1. Introduction

The COVID-19 outbreak started in 31 December 2019, in Wuhan, China, increasing rapidly and spreading massively worldwide [1]. On 20 December 2020, the numbers of cases recorded as high as 76,619,099 worldwide and 1,387,879 specifically in Southeast Asia. The case fatality rate for the closest cases is 3% [2]. In the period January 2020 and 31 October 2020, the number of cases in Indonesia, the Philippines, Myanmar, Thailand, Malaysia, and Singapore were 410,088 cases, 380,729 cases, 3780 cases, 31,548 cases, and 58,015 cases with mortality rates of 3.38%, 1.90%, 2.34%, 1.56%, 0.79%, 0.05%, respectively [3]. At the end of December 2020, several countries have shown good pandemic responses as seen in the decreasing curve of the case numbers. However, some countries have not produced the same results.

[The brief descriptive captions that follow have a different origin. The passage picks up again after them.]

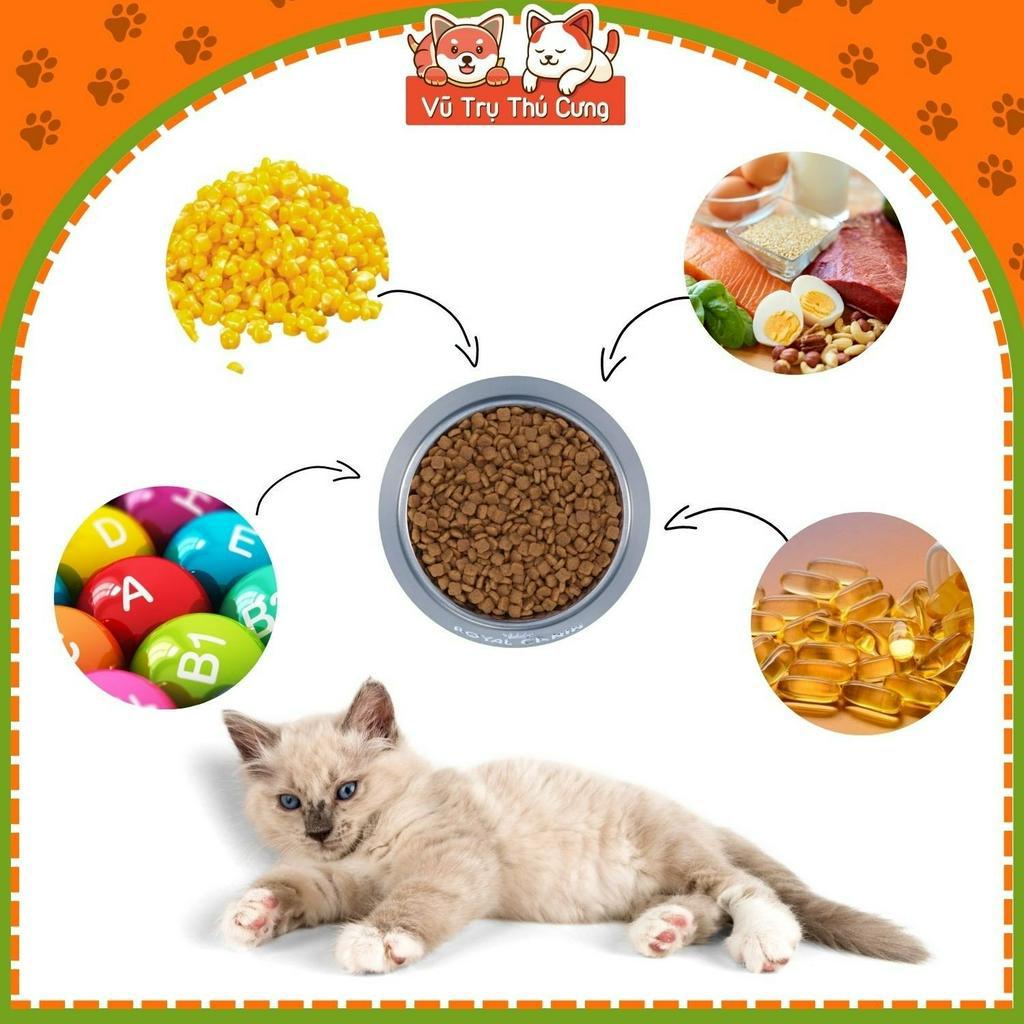 Thức ăn hạt cho mèo con Royal Canin Mother & Babycat 2Kg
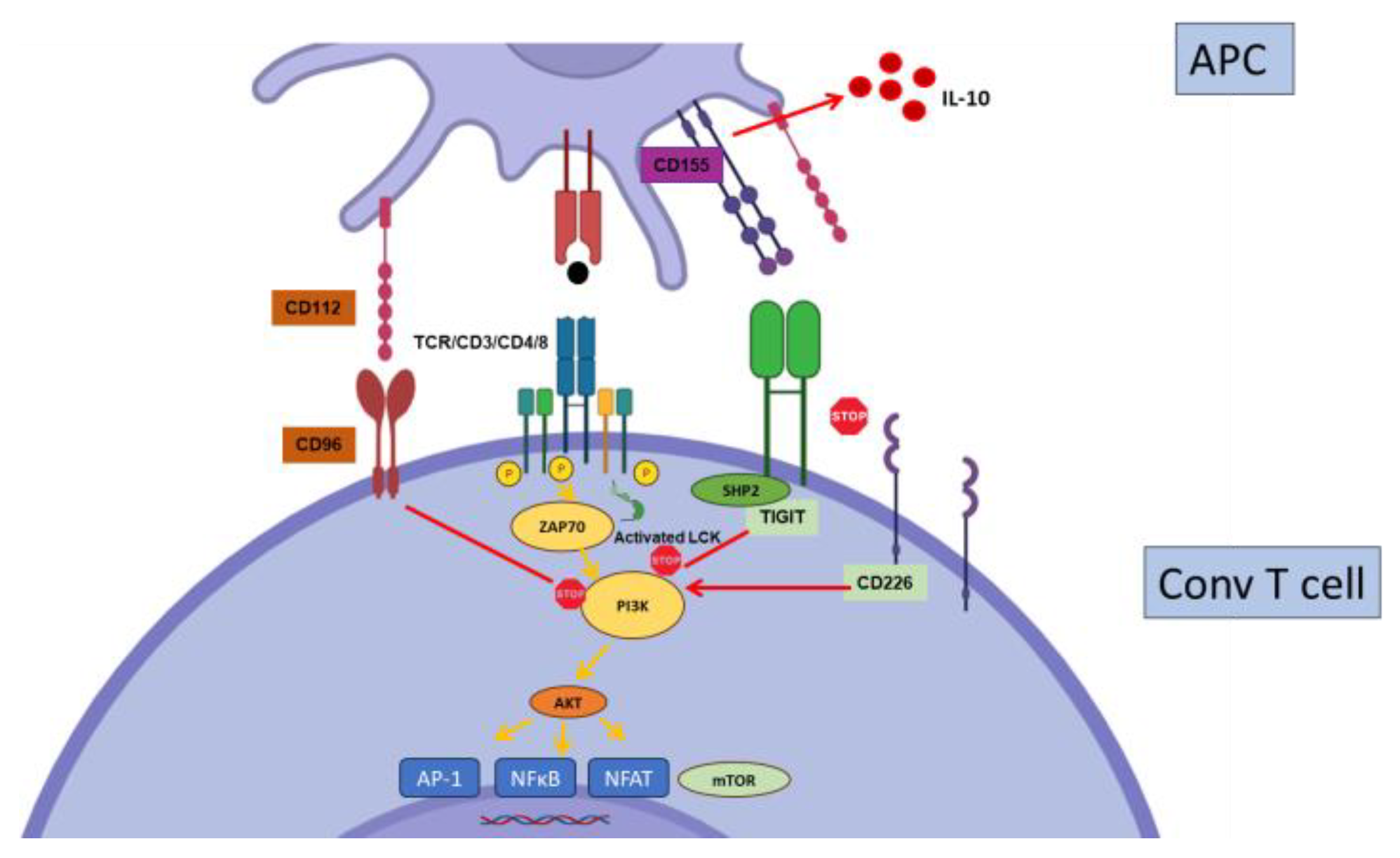 Biology | Free Full-Text | Immune Checkpoints in Solid Organ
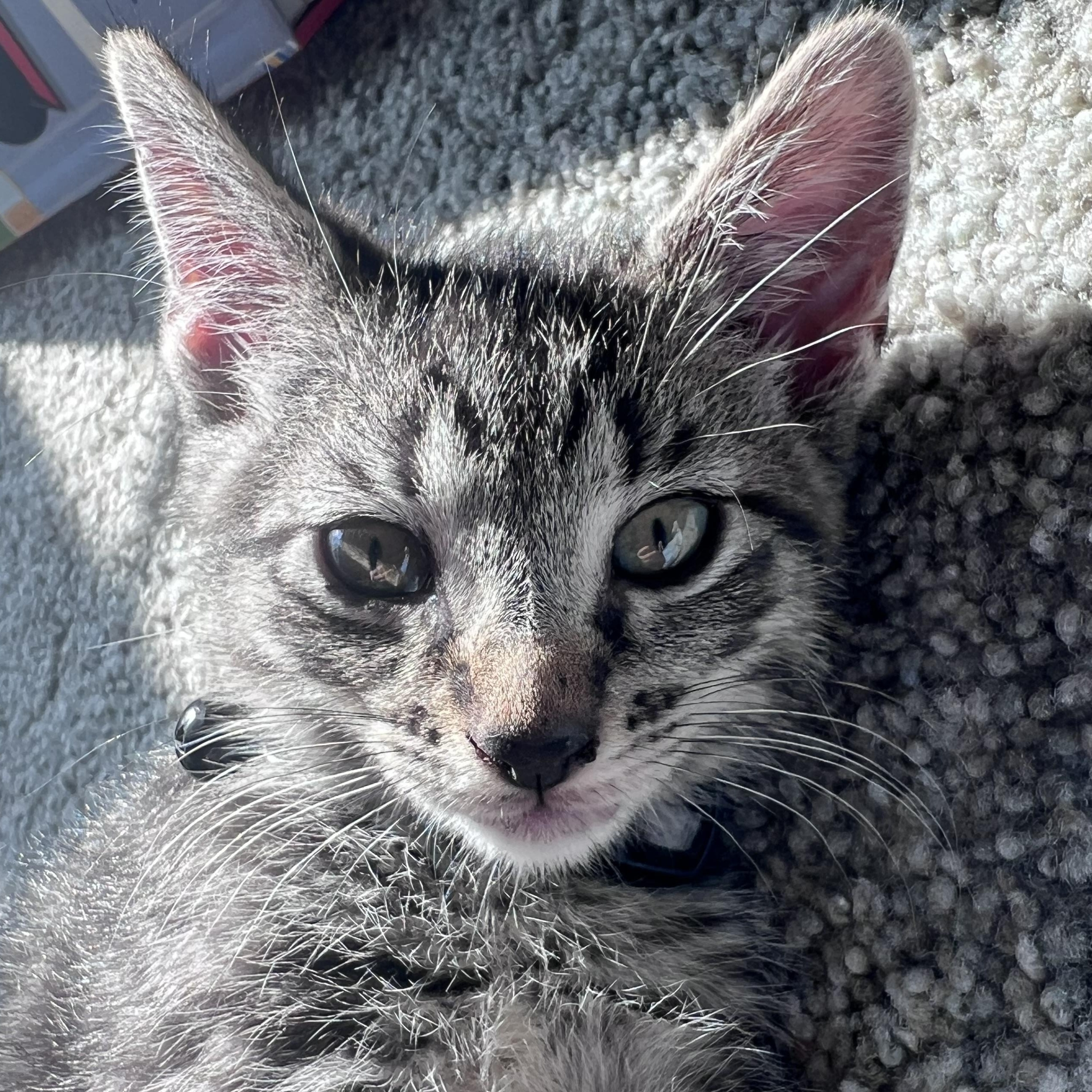Bongo, ADOPTABLE, Kitten Male Tabby.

The pandemic of COVID-19 is not the first occurrence in terms of respiratory-related case events. Several diseases came to the world’s attention, such as severe acute respiratory syndrome (SARS), Middle East respiratory syndrome (MERS CoV), and avian influenza viruses, including swine flu/pandemic influenza H1N1, H7N9, H5N1, and so on [4,5,6]. The transmission of these infectious diseases is closely related to viral transmission and the extraordinary nosocomial outbreaks related to travel [7,8,9]. Many factors play a role in the spread of SARS and MERS-CoV, including the legislative factor in responses to infectious diseases, central government leadership, the creation of an intergovernmental response system, the need for coordination, information and on-site responses, late diagnosis, and family care and visits [10,11,12].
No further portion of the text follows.